Moreover, he says, the fact that all these developments are happening simultaneously are mere coincidence. The government always has been interested in doing whatever is necessary to advance peaceful relations with its neighbors. And, he notes, this is not the first time Israel has conducted peace talks with Syria, reached a cease-fire with Hamas or had indirect contacts with Hezbollah over a prisoner swap.

“It’s a coincidence,” Hacham said. “There is no change in Israeli policy.”

But Michael Oren, a senior fellow at the Shalem Center, says Olmert is turning Israel toward negotiations in an attempt to save his government.

“He’s generating a raison d’etre for the government,” said Oren, the author most recently of “Power, Faith, and Fantasy: America in the Middle East.”

Israeli political analysts are divided over whether or not the multifront negotiating push constitutes an attempt by a scandal-plagued prime minister to deliver something historic during his term, or whether it’s a cynical ploy by Olmert to outmaneuver his political opponents and appear indispensable so he can stay in office.

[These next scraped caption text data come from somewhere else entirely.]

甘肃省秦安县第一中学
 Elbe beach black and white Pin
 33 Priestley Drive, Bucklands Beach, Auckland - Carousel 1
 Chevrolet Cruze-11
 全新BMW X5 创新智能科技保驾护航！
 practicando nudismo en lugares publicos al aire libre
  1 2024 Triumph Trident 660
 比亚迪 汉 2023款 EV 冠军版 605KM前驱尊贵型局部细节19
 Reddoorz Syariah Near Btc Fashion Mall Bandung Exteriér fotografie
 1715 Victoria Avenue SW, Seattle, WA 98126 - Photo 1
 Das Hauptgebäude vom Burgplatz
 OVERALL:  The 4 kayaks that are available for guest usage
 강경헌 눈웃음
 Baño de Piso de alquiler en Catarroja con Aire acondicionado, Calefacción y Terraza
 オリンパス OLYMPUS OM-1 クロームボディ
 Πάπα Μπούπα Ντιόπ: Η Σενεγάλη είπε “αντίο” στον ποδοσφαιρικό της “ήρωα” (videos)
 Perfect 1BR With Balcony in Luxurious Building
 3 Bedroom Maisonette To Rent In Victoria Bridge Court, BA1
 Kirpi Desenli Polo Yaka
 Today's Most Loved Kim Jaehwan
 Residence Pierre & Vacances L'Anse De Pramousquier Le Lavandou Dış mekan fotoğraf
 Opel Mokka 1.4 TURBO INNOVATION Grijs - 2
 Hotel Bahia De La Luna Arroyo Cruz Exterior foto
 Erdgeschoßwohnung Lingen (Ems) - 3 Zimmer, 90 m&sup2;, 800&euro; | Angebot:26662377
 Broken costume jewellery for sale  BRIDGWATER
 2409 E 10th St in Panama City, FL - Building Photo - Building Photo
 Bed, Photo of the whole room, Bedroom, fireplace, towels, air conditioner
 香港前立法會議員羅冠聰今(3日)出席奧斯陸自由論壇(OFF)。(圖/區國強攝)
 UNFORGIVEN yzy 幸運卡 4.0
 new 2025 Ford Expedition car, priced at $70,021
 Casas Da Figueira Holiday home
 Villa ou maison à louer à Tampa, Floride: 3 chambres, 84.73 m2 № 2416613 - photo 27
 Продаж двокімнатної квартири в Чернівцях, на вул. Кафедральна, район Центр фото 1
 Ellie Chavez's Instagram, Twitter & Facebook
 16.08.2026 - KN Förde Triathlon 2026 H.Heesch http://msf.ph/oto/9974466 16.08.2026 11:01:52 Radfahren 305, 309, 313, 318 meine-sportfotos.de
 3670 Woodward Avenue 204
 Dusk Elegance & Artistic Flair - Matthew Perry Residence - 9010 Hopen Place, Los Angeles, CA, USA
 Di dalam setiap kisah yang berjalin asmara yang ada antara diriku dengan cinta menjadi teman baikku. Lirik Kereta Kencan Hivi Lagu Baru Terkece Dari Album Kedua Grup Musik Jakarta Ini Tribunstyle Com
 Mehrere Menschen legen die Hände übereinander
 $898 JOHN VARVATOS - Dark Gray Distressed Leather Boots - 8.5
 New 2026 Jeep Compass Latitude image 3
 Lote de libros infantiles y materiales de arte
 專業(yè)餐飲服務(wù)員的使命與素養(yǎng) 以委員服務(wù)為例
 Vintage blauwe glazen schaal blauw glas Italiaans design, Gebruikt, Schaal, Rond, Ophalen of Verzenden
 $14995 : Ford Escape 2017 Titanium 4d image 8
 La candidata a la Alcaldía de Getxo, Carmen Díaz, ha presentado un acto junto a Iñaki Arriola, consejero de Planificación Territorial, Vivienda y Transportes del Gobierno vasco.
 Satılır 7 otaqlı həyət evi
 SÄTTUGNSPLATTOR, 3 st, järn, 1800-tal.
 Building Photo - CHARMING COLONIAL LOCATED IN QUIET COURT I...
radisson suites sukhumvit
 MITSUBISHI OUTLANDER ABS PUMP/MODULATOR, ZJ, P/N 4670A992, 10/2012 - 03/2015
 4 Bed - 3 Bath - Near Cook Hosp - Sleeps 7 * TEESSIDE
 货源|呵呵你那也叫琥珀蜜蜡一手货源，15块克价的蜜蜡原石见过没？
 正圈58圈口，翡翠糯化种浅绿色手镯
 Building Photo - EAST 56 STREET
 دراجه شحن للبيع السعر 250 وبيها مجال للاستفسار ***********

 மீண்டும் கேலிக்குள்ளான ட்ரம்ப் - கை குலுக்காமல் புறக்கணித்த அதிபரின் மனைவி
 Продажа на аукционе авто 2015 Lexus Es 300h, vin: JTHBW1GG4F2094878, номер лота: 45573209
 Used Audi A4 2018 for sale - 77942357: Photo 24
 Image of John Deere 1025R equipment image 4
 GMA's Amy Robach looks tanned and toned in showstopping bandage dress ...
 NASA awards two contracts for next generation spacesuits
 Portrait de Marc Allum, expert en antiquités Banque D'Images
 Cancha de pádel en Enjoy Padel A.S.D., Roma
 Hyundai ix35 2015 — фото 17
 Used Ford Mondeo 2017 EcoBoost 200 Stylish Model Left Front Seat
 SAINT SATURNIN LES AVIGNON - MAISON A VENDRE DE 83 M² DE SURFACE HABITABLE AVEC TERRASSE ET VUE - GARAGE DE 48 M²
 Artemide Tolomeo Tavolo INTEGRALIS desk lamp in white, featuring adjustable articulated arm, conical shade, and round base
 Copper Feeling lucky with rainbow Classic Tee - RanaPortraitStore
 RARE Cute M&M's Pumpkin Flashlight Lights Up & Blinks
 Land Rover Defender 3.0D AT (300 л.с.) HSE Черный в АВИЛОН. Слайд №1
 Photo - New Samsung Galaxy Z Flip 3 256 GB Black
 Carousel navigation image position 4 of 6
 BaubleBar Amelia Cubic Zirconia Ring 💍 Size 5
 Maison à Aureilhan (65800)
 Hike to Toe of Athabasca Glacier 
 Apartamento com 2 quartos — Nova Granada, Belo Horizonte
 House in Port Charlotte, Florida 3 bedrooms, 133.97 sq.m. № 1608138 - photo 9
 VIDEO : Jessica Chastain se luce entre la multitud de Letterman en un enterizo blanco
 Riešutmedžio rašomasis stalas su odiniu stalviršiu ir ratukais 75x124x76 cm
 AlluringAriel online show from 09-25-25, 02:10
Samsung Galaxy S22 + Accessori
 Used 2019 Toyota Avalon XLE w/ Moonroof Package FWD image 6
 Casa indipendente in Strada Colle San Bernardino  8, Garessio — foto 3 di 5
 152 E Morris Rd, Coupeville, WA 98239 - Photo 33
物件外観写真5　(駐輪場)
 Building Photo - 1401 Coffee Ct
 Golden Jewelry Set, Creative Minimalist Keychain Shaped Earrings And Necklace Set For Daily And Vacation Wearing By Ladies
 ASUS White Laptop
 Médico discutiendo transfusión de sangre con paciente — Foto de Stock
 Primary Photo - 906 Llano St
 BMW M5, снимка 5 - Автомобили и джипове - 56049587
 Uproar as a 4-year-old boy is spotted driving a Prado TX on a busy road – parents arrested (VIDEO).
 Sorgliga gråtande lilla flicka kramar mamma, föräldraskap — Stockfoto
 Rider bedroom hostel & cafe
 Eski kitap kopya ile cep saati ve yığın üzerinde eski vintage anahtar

Oren says he does not believe Olmert would cede the Golan Heights to Syria merely to stay in power, but he does believe Olmert is steering his government leftward, toward negotiations, to preserve his coalition.

“Certainly it doesn’t hurt him politically,” Oren said. “His only hope is to maintain a left-of-center coalition.”

The prime minister rejects such insinuations.

“The prime minister and the government he heads are fully committed to seeking and achieving peace with all of Israel’s adversaries,” the Prime Minister’s Office said in a statement to JTA. “This has always been Israel’s position and it will spare no effort to achieve these goals.”

Ultimately, Oren says, Olmert’s turn toward negotiations, particularly with Hezbollah and Hamas, sends a very dangerous message.

“What we have now is very weak diplomacy,” Oren said. “We’re negotiating with Hamas from a position of weakness, and that’s the way it’s seen in the entire Arab world. We’re negotiating with Hezbollah having performed weakly in a war.

“We’re not negotiating from a position of strength on any of these fronts.”